> [What you are asked to do]: From the material below, reproduce exactly the stretch of lines that begins with the line holding "Occasion Toyota Auris" and ends with the line holding "DELTA 31-796 1-Inch", skipping the pictures.
--- Exercise materials Enclosed Below ---
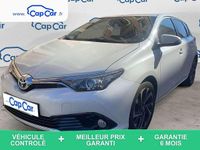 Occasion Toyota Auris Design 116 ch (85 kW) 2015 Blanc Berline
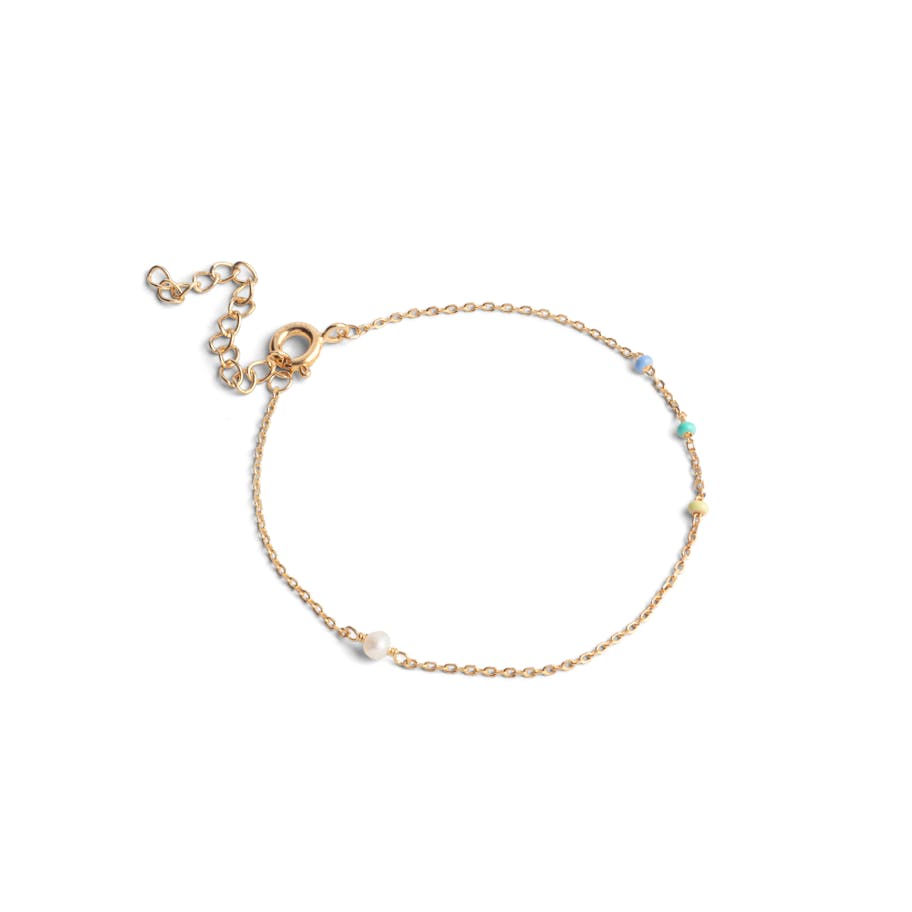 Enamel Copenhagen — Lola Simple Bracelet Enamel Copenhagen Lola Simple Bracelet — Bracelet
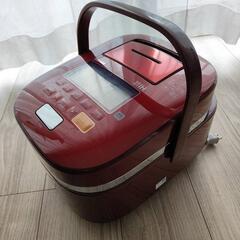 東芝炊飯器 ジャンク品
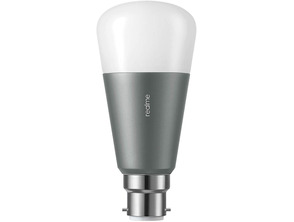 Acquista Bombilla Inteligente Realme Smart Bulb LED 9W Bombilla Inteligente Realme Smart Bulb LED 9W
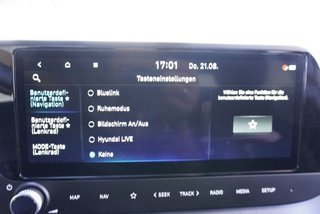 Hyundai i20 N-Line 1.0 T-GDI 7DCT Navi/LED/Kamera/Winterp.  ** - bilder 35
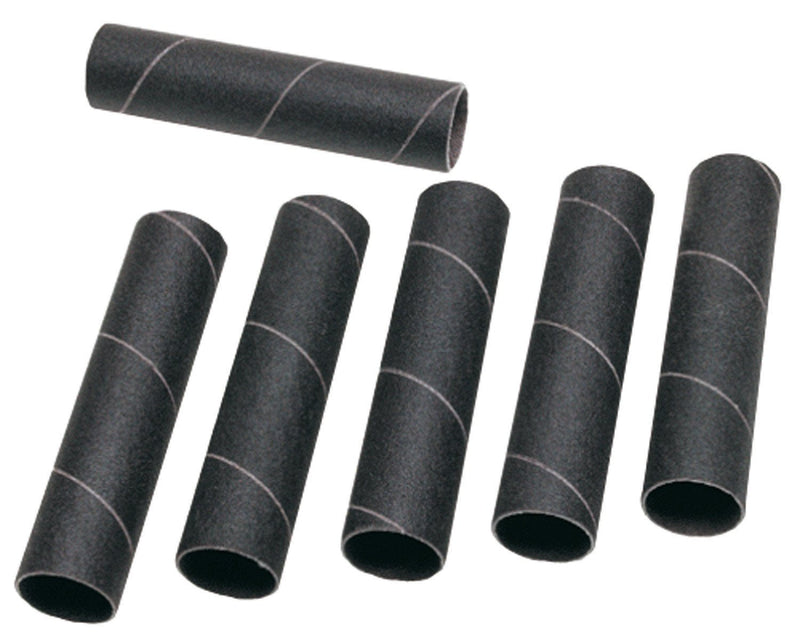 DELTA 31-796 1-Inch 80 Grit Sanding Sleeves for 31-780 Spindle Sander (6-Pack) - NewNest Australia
--- End of Enclosed Exercise materials ---
--- Exercise materials Enclosed Below ---
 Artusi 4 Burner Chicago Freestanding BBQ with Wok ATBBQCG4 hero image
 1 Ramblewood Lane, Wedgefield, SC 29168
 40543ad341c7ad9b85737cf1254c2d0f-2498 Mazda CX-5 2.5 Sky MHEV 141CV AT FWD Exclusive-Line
--- End of Enclosed Exercise materials ---
> [Reply]:
 Occasion Toyota Auris Design 116 ch (85 kW) 2015 Blanc Berline
 Enamel Copenhagen — Lola Simple Bracelet Enamel Copenhagen Lola Simple Bracelet — Bracelet
 東芝炊飯器 ジャンク品
 Acquista Bombilla Inteligente Realme Smart Bulb LED 9W Bombilla Inteligente Realme Smart Bulb LED 9W
 Hyundai i20 N-Line 1.0 T-GDI 7DCT Navi/LED/Kamera/Winterp.  ** - bilder 35
 DELTA 31-796 1-Inch 80 Grit Sanding Sleeves for 31-780 Spindle Sander (6-Pack) - NewNest Australia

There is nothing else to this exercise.